The US Treasuries market approaches Friday's US employment report with the expectation payrolls shed fewer jobs in November than October. Yields have risen this week, unwinding a safety bid related to debt issues in Dubai that created fresh demand for US Treasuries and pushed yields down.
Thus, the market does not have a strong bias ahead of Friday's employment report, said Stone & McCarthy Research Associates analyst John Canavan in Princeton, New Jersey. Lower-than forecast layoffs would hurt Treasury prices. The market could rally if job losses are steeper than expected. "Expectations are in line with the mixed view of the employment picture we've gotten this week," said Canavan.
Various labour market data released this week have offered a conflicting picture of employment trends. Jobless claims fell in the week ended November 28, the Labour Department reported. But employment subindexes in the Institute for Supply Management's manufacturing and non-manufacturing indexes showed weakness.
-- Positioned for fewer job losses
Economists polled by Reuters gave a median estimate of 130,000 jobs lost in November, down from 190,000 in October. Stone & McCarthy's own forecast for non-farm payroll job losses is 75,000, below the consensus forecast. "But we're in line with consensus with an unemployment rate forecast of 10.2 percent," Canavan said.
If payrolls do show just 75,000 new job losses in November, that would be negative for Treasuries, but not dramatically so, since prices have fallen and yields have risen quite a bit since the Dubai-related flight-to-quality. "To get a sense of where we're positioned, you have to go back a week; when the Dubai World news broke there was a tremendous flight to quality that no doubt incorporated a significant amount of short covering," said William Sullivan, chief economist at JVB Financial Group in Boca Raton, Florida.
A tremendous surge in the overseas market on Thanksgiving Day sent the two-year note yield down to about 60 basis points and the 10-year yield down to 3.15 percent, Sullivan said.

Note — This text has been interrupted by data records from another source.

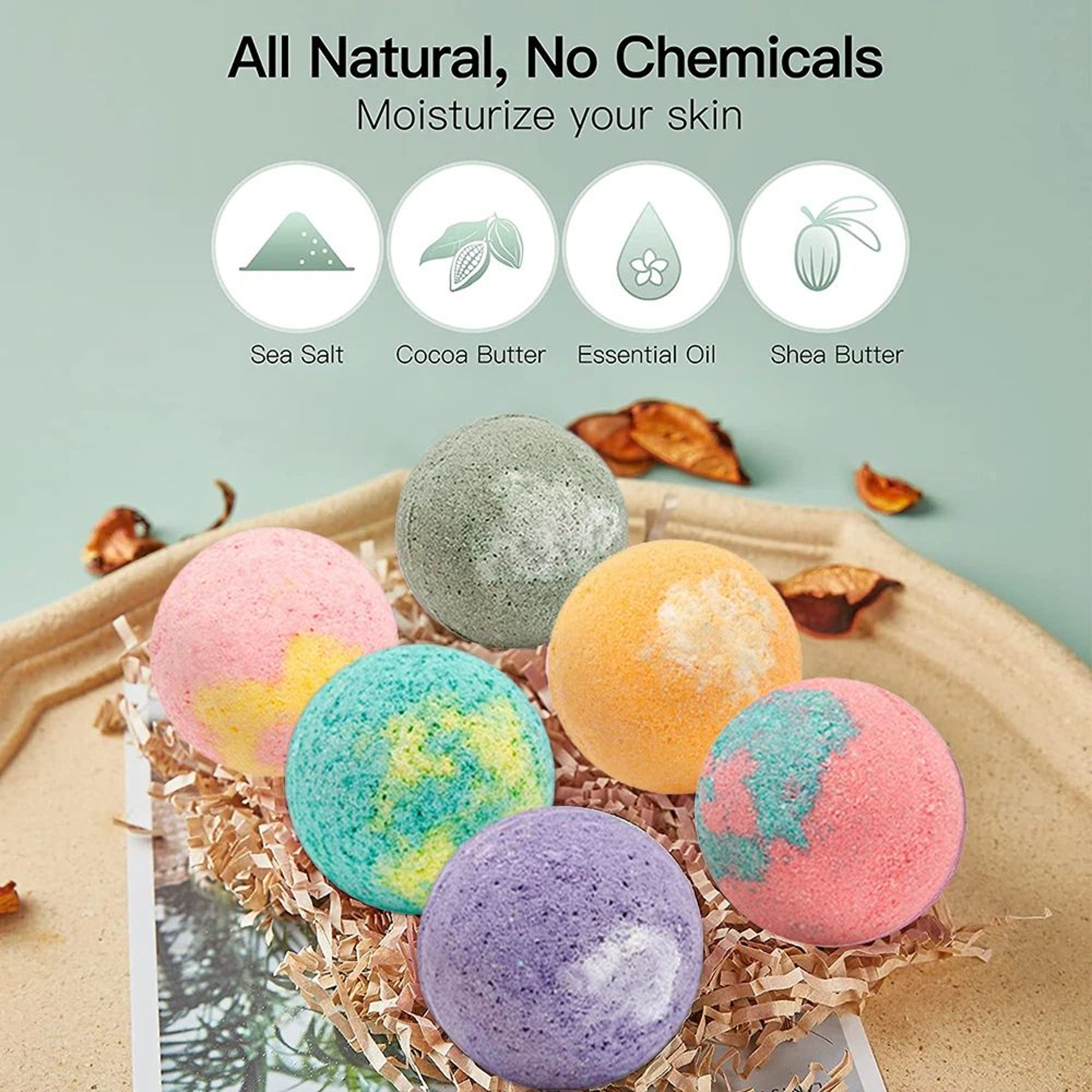 12pcs Organic Bath Bomb Gift Set  Handmade Essential Oil Bath  Foot Spa Bombs For Relaxation 0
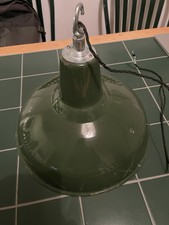3no Benjamin Vintage Industrial Factory Pendant Light in Green. Made in UK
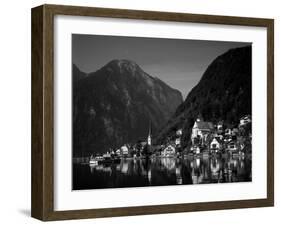 Village with Mountains and Lake, Hallstatt, Salzkammergut, Austria-Steve Vidler-Framed Photographic Print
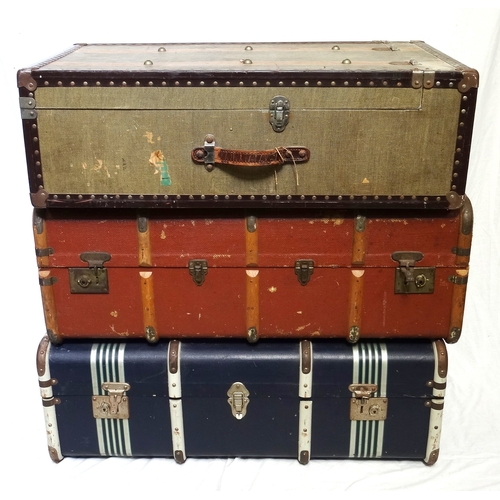 287 - VINTAGE TRAVELLING TRUNK
with a fold down front revealing a hanging rail, 87cm x 53cm x 27cm, togeth... 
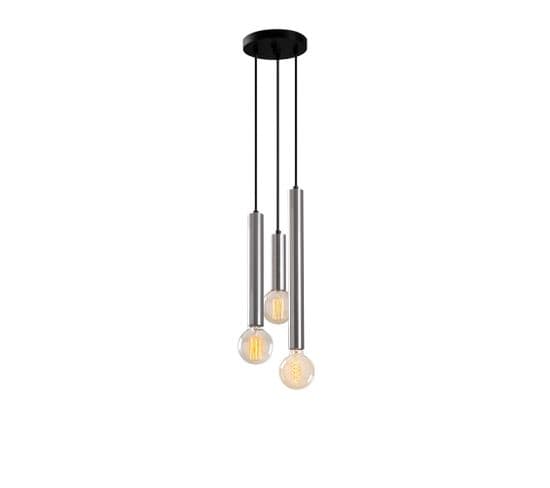 Suspension 3 Lampes Tube Saccade Jona Métal Argent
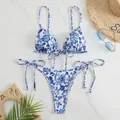 Sexy stampa floreale micro bikini in porcellana blu e bianca bikini costumi da bagno costume da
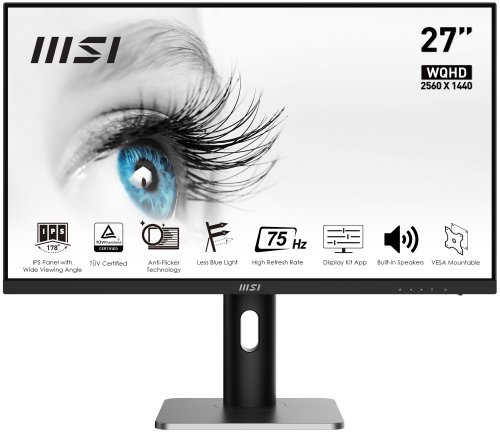 MSI MONITOR PRO MP273QP. 27 (69 CM) FRAME LESS. 2560x1440 (WQHD). 75HZ. NEGRO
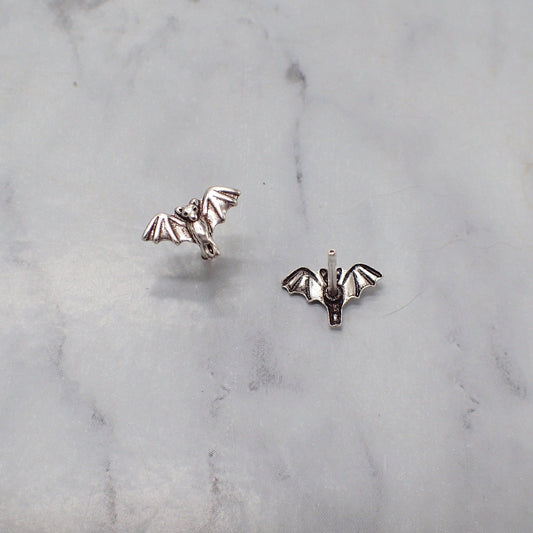 Silver Bat Earrings, Bat Studs, Bat Jewelry for Kids, Earrings for Second Hole, Bat Jewelry for Girls, Silver Halloween Earrings, Cute Bats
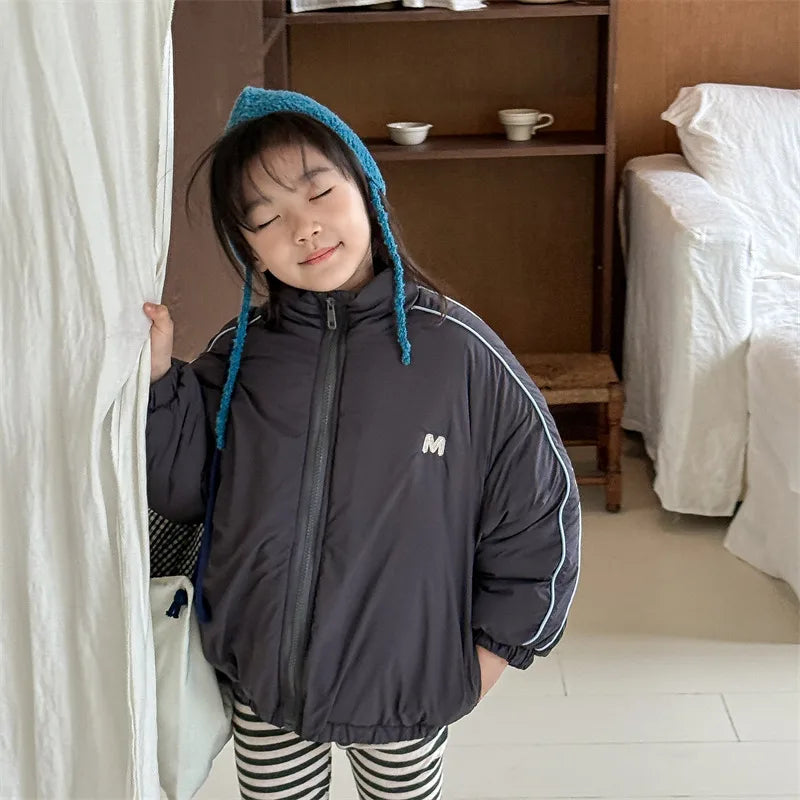 2024 inverno novas crianças manga longa quente carta casaco mais veludo grosso meninos para baixo jaquetas do bebê meninas acolchoado jaqueta crianças roupas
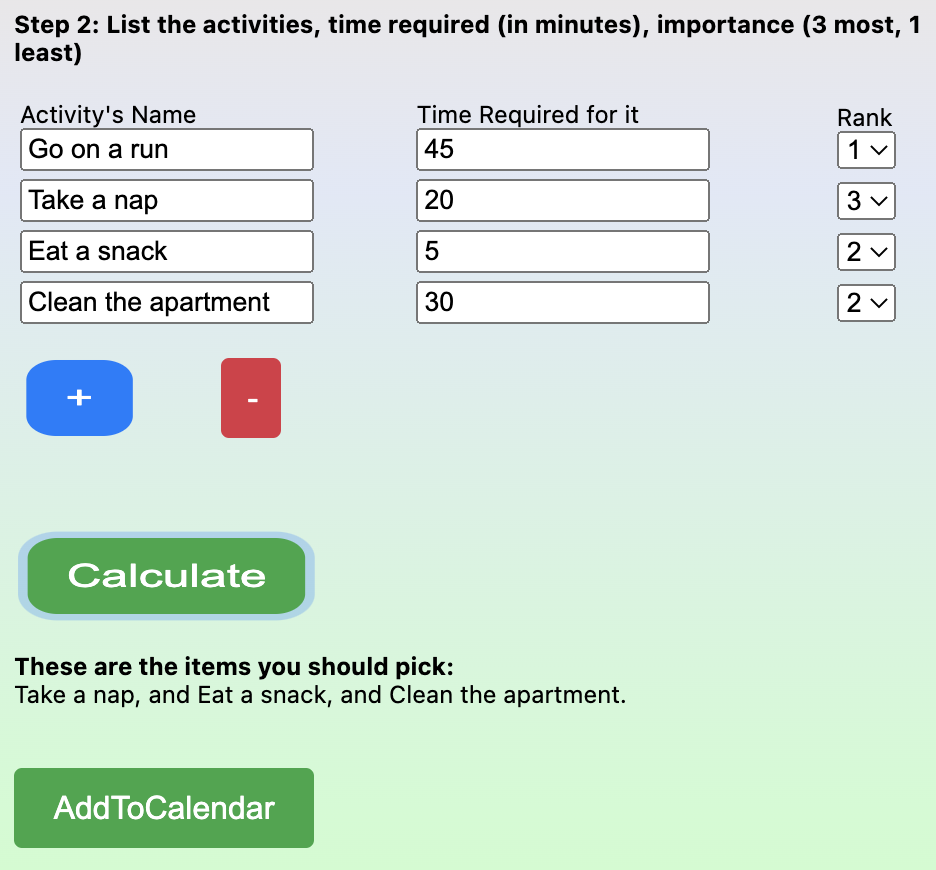 Backpack Optimizer Screenshot 2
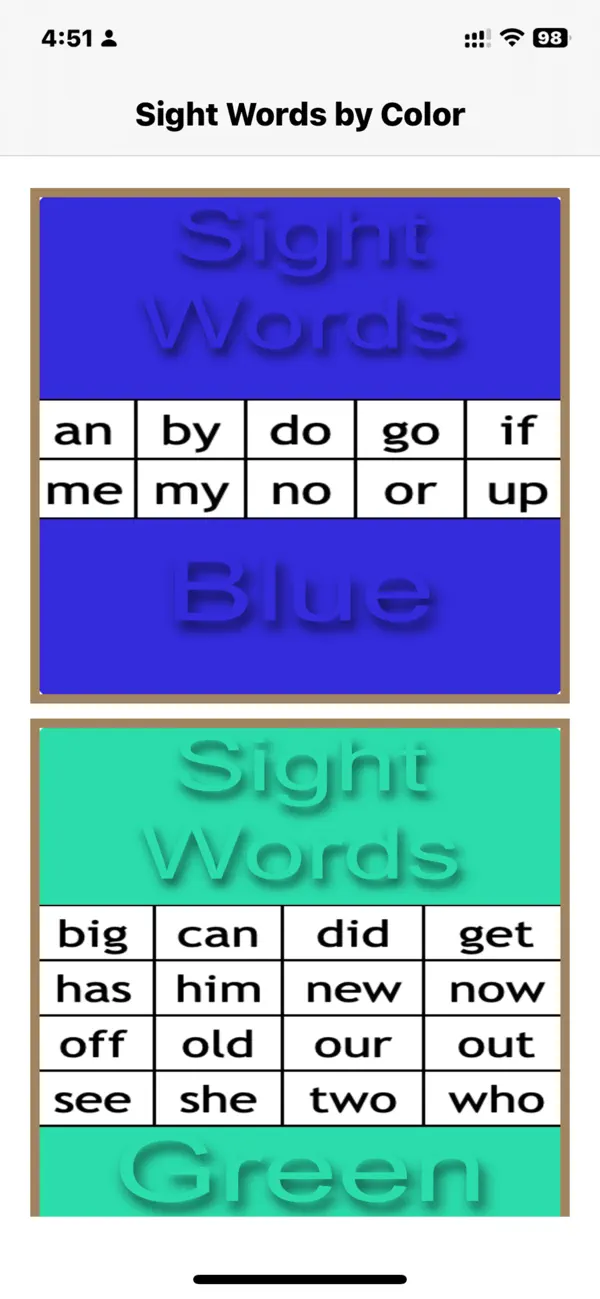 Screenshot #2 pour Sight Words by Color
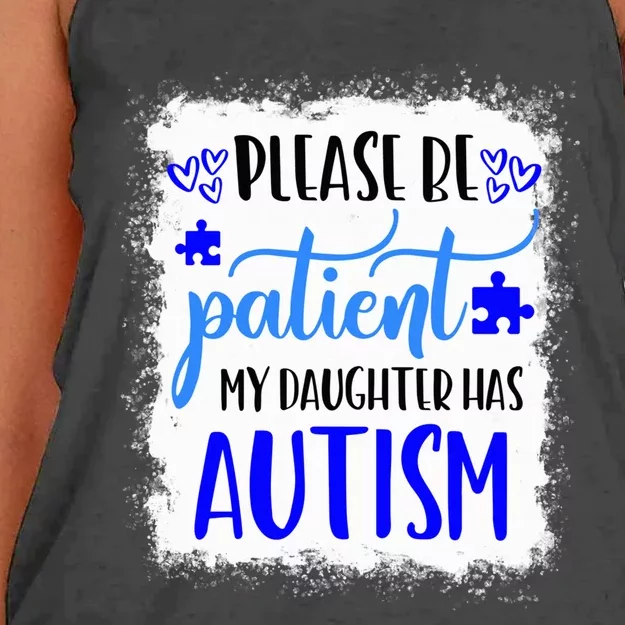 Autism Mom Shirt My Daughter Has Autism April We Wear Blue Women's Knotted Racerback Tank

Since then, yields have moved higher, "largely because the fallout from the Dubai World debt crisis appeared contained and reversed the flight-to-quality," he said.
Preparing for supply next week added to the upward pressure on yields, Sullivan said. While the "official" consensus forecast calls for November nonfarm job losses of 125,000 to 130,000, so-called "whisper" numbers assert job losses might be fewer somewhere between 25,000 and 50,000, Sullivan said.
Those below-consensus estimates are tied to a seasonal adjustment related to enormous nonfarm payroll job losses recorded in November 2008, analysts said. The adjustment could minimise the job loss count this November and give the report a stronger tone than the consensus forecast, they said. "November job losses of 25,000 to 50,000 would be negative for the Treasury market," Sullivan said.
On the other hand, if job losses turn out to be steeper than anticipated, Treasuries could rally. "The Treasury market has been on the defensive once it looked as if Dubai was contained," Sullivan said. In addition, cash has flowed back into global equities. "Thus, the Street could be net short for tomorrow's payrolls statistics," Sullivan said.
Since Thanksgiving last Thursday, the 10-year Treasury yield has climbed to 3.39 percent from 3.15 percent. A neutral non-farm payrolls number as far as the Treasury market is concerned would be job losses of 100,000 to 200,000, Sullivan said. "If job losses top 200,000, that would encourage some buying of Treasuries and short-covering," he said.
"If the 'whisper numbers' are correct and job losses turn out to be fewer than 100,000, you could see the 10-year note yield gravitate toward 3.50 percent, especially heading into supply next week." The US Treasury said it would sell $40 billion in three-year notes on December 8, $21 billion in reopened 10-year notes on December 9 and $13 billion in reopened 30-year bonds on December 10, all to settle December 15. The Treasury estimated $14.6 billion of coupon securities held by the public will mature on December, December 15.